Well loaded with millet were the dishes,
And long and curved were spoons of thorn-wood.
The way to Zhou was like a whetstone,
And straight as an arrow.
[So] the officers trod it,
And the common people looked on it.
When I look back and think of it,
My tears run down in streams.
小东大东、杼柚其空。
纠纠葛屦、可以履霜。
佻佻公子、行彼周行。
既往既来、使我心疚。
In the States of the east, large and small,
The looms are empty.
Thin shoes of dolichos fibre,
Are made to serve to walk on the hoar-frost.
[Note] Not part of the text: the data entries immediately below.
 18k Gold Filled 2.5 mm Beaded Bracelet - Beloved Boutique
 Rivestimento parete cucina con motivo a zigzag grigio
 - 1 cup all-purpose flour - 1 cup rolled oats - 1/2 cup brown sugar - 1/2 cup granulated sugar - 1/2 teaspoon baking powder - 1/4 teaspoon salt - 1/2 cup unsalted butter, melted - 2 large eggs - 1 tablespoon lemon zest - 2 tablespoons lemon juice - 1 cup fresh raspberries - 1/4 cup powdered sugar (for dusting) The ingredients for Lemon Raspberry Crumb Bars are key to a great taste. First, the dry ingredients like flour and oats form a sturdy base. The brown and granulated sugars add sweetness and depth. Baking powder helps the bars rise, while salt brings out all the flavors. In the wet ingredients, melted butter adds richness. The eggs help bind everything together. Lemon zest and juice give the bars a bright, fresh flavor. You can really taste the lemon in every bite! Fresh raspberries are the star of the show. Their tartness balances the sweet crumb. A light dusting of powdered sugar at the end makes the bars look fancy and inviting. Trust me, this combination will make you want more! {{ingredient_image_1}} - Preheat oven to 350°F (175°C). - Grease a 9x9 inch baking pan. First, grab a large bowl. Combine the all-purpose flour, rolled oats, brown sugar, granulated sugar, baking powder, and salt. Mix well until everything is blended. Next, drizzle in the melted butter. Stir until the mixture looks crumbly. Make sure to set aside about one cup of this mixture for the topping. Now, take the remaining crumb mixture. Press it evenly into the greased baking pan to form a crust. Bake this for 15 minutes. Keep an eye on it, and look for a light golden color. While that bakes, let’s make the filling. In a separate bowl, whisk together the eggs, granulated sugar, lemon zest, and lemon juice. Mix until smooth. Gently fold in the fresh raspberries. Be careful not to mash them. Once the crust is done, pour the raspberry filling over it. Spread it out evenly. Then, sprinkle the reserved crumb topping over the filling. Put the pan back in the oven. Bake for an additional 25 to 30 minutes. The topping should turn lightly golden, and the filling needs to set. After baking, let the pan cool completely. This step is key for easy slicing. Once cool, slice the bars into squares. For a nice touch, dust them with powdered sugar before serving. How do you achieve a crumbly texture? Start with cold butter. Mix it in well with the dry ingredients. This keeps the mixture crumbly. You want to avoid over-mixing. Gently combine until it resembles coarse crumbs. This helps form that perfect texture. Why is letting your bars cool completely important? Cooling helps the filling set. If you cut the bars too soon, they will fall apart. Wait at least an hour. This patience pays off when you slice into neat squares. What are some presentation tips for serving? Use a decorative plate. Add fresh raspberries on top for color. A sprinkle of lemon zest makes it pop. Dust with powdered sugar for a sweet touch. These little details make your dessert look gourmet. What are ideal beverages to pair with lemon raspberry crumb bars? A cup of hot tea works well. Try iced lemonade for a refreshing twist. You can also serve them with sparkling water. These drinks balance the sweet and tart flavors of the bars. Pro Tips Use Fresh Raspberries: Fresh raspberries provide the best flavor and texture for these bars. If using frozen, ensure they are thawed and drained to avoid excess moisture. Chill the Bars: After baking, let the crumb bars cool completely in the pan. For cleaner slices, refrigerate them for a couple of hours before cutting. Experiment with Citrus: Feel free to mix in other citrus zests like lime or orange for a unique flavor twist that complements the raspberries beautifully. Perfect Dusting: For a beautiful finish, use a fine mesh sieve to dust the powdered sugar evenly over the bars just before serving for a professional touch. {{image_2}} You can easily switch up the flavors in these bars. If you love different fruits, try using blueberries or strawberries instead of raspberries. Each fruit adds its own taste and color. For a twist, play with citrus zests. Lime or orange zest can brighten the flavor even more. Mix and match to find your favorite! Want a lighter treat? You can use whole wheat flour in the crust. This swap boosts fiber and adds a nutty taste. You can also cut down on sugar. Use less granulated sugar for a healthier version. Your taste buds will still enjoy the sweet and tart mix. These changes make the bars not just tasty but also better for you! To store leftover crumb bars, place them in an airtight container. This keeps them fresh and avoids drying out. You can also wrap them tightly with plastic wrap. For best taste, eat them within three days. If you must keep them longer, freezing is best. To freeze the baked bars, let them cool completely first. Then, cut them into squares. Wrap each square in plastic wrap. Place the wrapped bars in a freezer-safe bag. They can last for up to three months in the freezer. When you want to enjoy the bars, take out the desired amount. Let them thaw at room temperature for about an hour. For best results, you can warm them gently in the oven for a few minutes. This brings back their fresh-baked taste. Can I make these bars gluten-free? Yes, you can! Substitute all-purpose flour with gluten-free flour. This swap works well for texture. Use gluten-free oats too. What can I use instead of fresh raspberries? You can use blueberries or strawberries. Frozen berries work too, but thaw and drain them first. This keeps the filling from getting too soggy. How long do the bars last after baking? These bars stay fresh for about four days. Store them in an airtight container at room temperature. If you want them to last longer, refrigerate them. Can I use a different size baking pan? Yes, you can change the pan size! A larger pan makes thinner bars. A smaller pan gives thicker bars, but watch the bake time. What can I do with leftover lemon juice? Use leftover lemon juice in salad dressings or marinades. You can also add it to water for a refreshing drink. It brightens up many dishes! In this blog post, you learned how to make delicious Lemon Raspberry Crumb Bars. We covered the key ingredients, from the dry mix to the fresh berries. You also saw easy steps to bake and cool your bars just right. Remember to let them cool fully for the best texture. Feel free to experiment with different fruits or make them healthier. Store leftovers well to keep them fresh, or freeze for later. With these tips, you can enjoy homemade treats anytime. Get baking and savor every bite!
Slight and elegant gentlemen,
Walk along that road to Zhou.
Their going and coming,
Makes my heart ache.
有冽氿泉、 无浸获薪。
契契寤叹、哀我惮人。
薪是获薪、尚可载也。
哀我惮人、亦可息也。
Ye cold waters, issuing variously from the spring,
Do not soak the firewood I have cut.
Sorrowful I awake and sigh; -
Alas for us toiled people!
The firewood has been cut; -
Would that it were conveyed home!
Alas for us the toiled people!
Would that we could have rest!
东人之子、职劳不来。
西人之子、粲粲衣服。
舟人之子、熊罴是裘。
私人之子、百僚是试。
The sons of the east,
Are only summoned [to service], without encouragement;
While the sons of the west,
Shine in splendid dresses.
The sons of boatmen,
Have furs of the bear and grisly bear.
The sons of the poorest families,
Form the officers in public employment.
或以其酒、不以其浆。
鞙鞙佩璲、不以其长。
维天有汉、监亦有光。
跂彼织女、终日七襄。
If we present them with spirits,
They do not look on them as liquor.
If we give them long girdle-pendants with their stones,
They do not think them long enough.
There is the milky way in heaven,
Which looks down on us in light;
And the three stars together are the Weaving Sisters,
Passing in a day through seven stages [of the sky].
虽则七襄、不成报章。
睆彼牵牛、不以服箱。
东有启明、西有长庚。
有救天毕、载施之行。
Although they go through their seven stages,
They complete no bright work for us.
Brilliant shine the Draught Oxen,
But they do not serve to draw our carts.
In the east there is Lucifer;
In the west there is Hesperus;
Long and curved is the Rabbit Net of the sky; -
But they only occupy their places.
维南有箕、不可以簸扬。
维北有斗、不可以挹酒浆。
维南有箕、载翕其舌。
维北有斗、西柄之揭。
In the south is the Sieve,
But it is of no use to sift.
In the north is the Ladle,
But it lades out no liquor.
In the south is the Sieve,
Idly showing its mouth.
In the north is the Ladle,
Raising its handle in the west.
Re: 203. 大东 - Da Dong
Once supped we from well-laden trenchers,
And thornwood spoons bent to the loads!
’Twixt here and Chow, worn smooth as whetstones,
And straight as arrows, were the roads.
Thereon the great officials travelled,
Plebeians there to gaze would go:—
When I look back and contemplate it,
My tears in very torrents flow.
Here in the East, whate’er the Province,†
Shuttle and distaff none may use;‡
And sparsely-woven fibre-sandals
Must serve to walk on frozen dews.
There, dainty tender sons of nobles
Are journeying on those roads of Chow.
Alack! their goings and their comings
Fill me with sickening sorrow now.
Ye ice-cold rills, from springs escaping!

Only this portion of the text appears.